While the world was preoccupied with an ever increasing number of coronavirus cases last week, a hugely significant scientific report was allowed to pass largely under-reported and unremarked.
This was the study of the 2020 Siberian heatwave by World Weather Attribution, a group of scientists who have been monitoring extreme weather events for years.
The heatwave had contributed to raising the world's average temperature to the second highest on record for the period from January to May this year.

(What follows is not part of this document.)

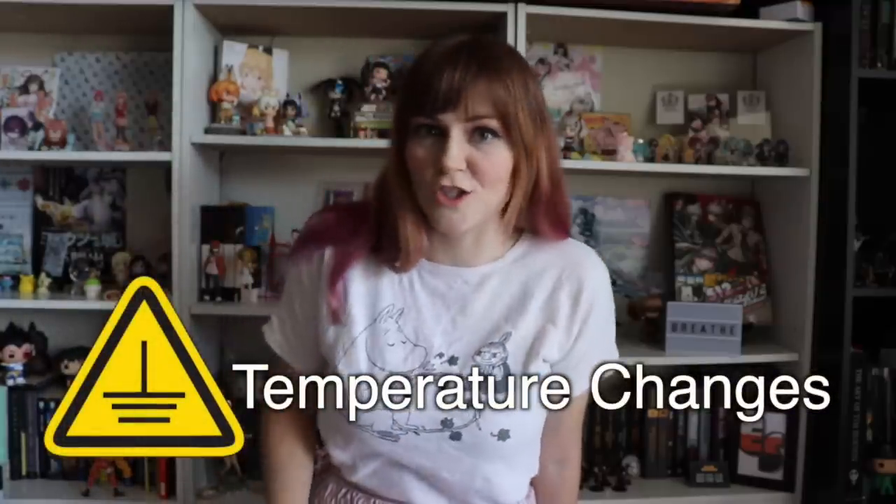Grounding tool number one: temperature changes. While this isn't the one we use the most, it is definitely the most effective for our system. Our favorite grounding technique involving temperature changes is taking a hot bath — just sitting in the warm water and relaxing. It does a lot for both dissociation and anxiety for us. If you don't have a tub, standing in a hot shower for a while and letting the water warm you works too.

WWA said Siberia had experienced "unusually high temperatures", including a record-breaking 38 degrees celsius in the town of Verkhoyansk on June 20, causing wide-scale impacts including "wildfires, loss of permafrost, and invasion of pests".
While all of this, and reports food supplies are being affected with fish swimming deeper in search of cooler water, is alarming, the real cause for concern is the finding the prolonged heatwave had been made "600 times more likely as a result of human-induced climate change".
The scientists said if the heat wave, the result of a strong jet stream moving warm air over the region, had occurred in 1900 instead of 2020, temperatures would have been at least two degrees celsius lower.
While it is a given that the climate deniers will dismiss the report as "bunkum" and "fake news", those who actually know what they are talking about have no such doubts.
Michael Wehner, a senior scientist at Lawrence Berkeley National Laboratory, said the methodology was "state of the art" and that the findings were, if anything, "conservative". Given this report comes on top of linkages between Australia's spring and summer bushfires and man-made global heating, it is yet another argument for this country to do much more to reduce to carbon dioxide emissions.
While the federal government has done a commendable job in seeking the best possible expert advice on the coronavirus and then following it, it has yet to do the same with climate and energy policy. That has to change. Coronavirus is a crisis, climate change is an existential threat.